■ Assigned task ■
Transcribe the listing exactly, so that nothing but the pictures is missing.

■ Stored data ■
=-=-=
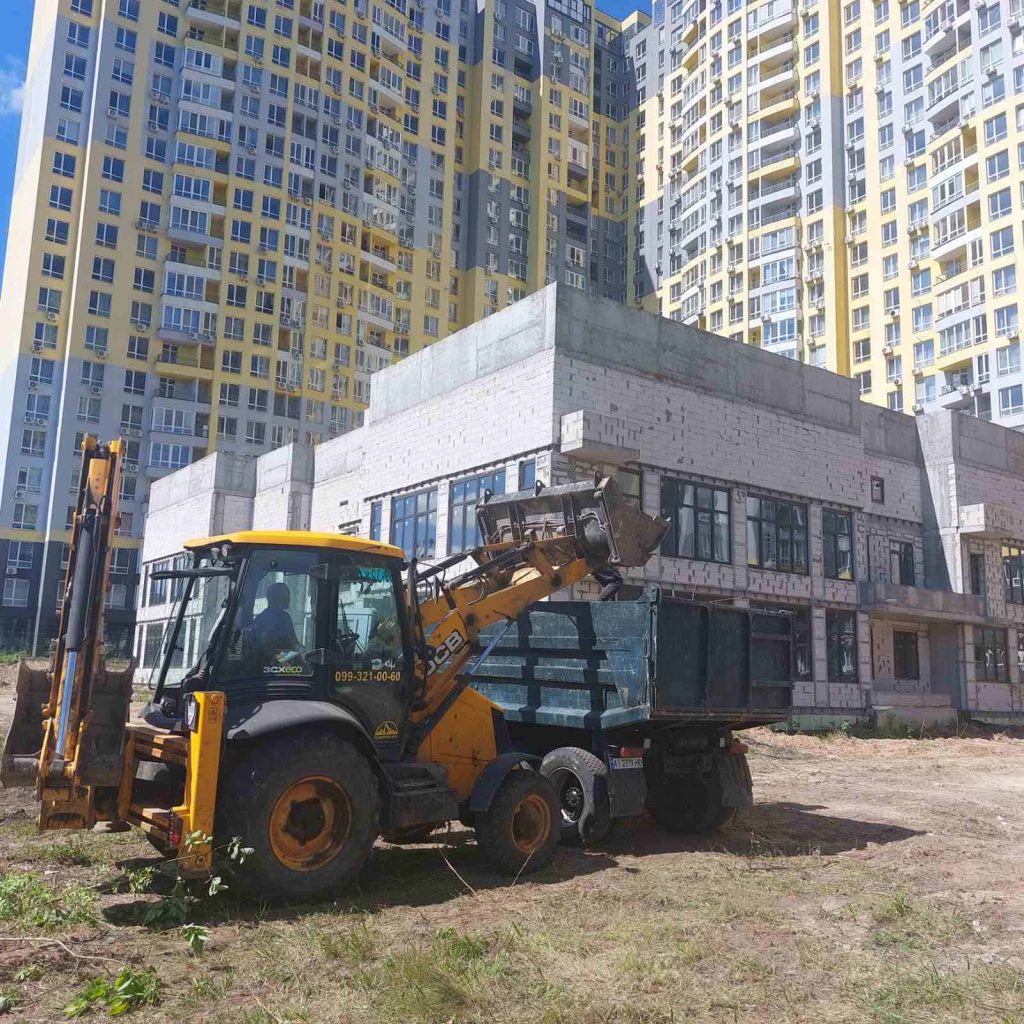 КИЇВМІСЬКБУД ПРИСТУПИВ ДО ВІДНОВЛЕННЯ БУДІВНИЦТВА СОЦІАЛЬНОГО ОБ'ЄКТА БІЛЯ ЖК МЕДОВИЙ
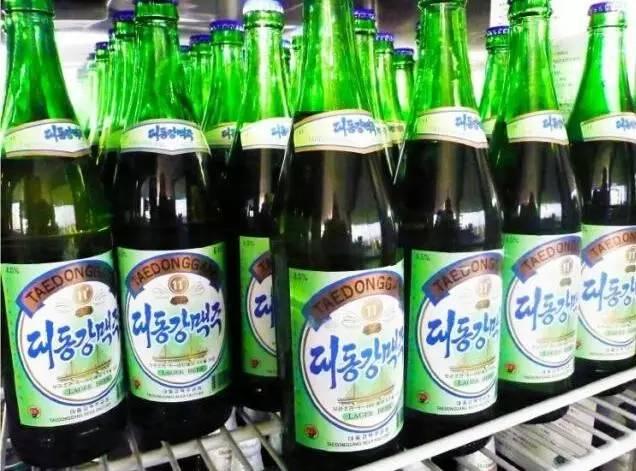 可以自己买啤酒到寝室喝,朝鲜的中国留学生们也偶尔去位于平壤使馆村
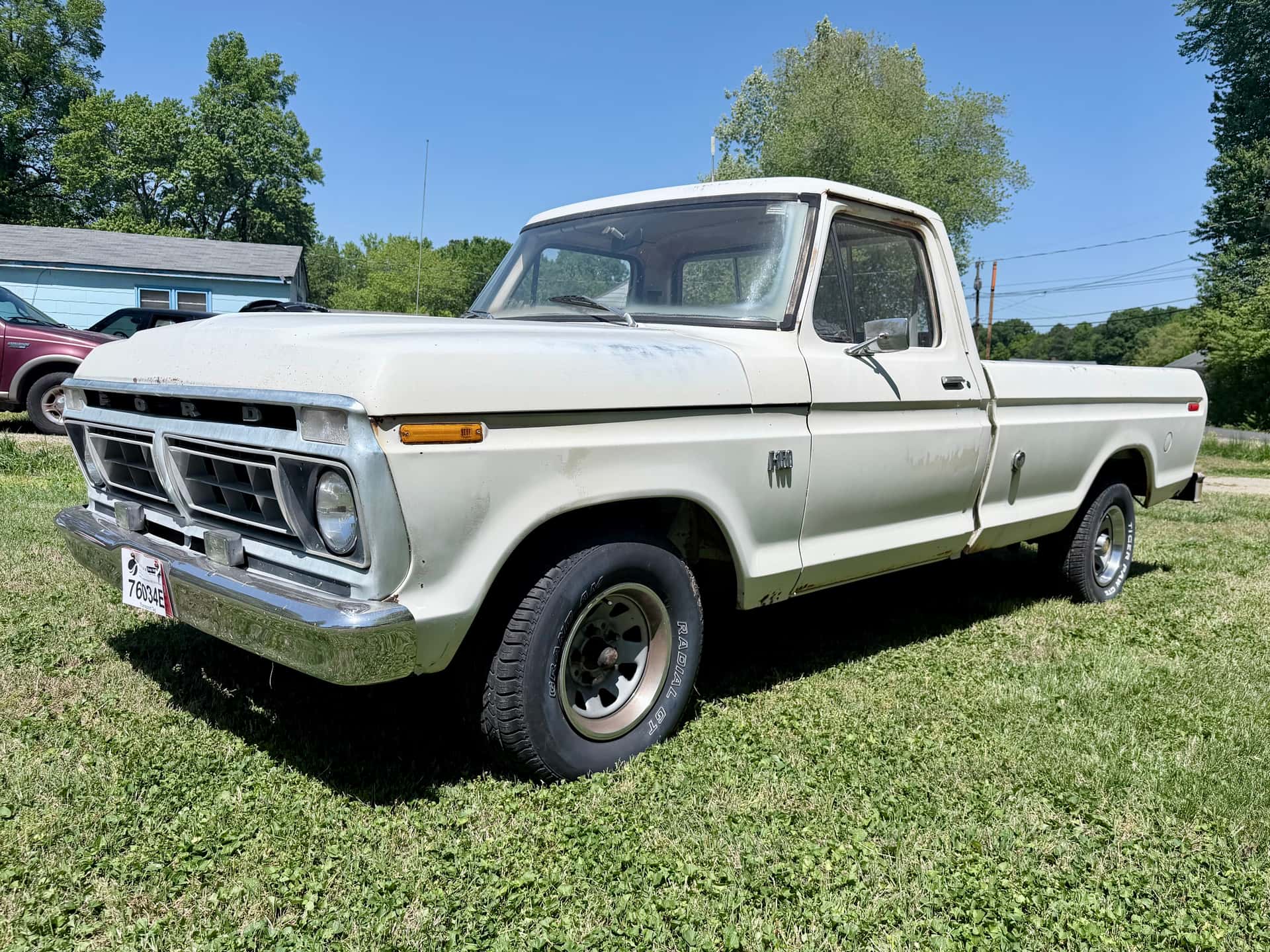 1976 Ford F-150 sold for $5,250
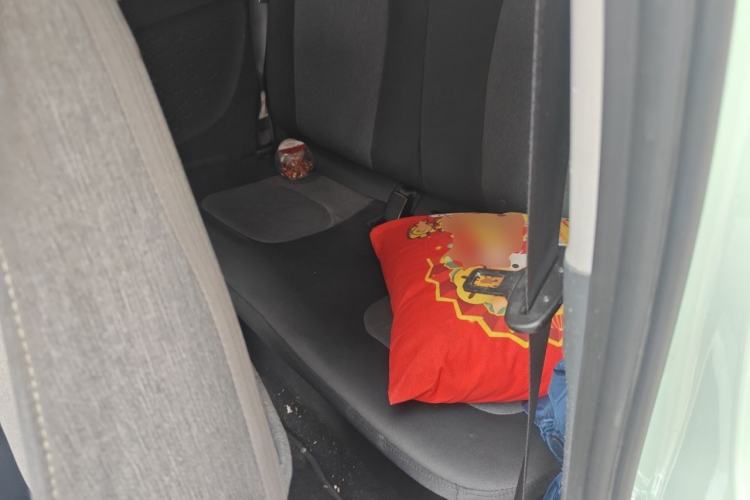 Used Wuling Hongguang MINIEV 2022 Macaron Premium Model – Lithium Iron Phosphate Left Rear Seat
=-=-=
■ Solution to this problem ■
 КИЇВМІСЬКБУД ПРИСТУПИВ ДО ВІДНОВЛЕННЯ БУДІВНИЦТВА СОЦІАЛЬНОГО ОБ'ЄКТА БІЛЯ ЖК МЕДОВИЙ
 可以自己买啤酒到寝室喝,朝鲜的中国留学生们也偶尔去位于平壤使馆村
 1976 Ford F-150 sold for $5,250
 Used Wuling Hongguang MINIEV 2022 Macaron Premium Model – Lithium Iron Phosphate Left Rear Seat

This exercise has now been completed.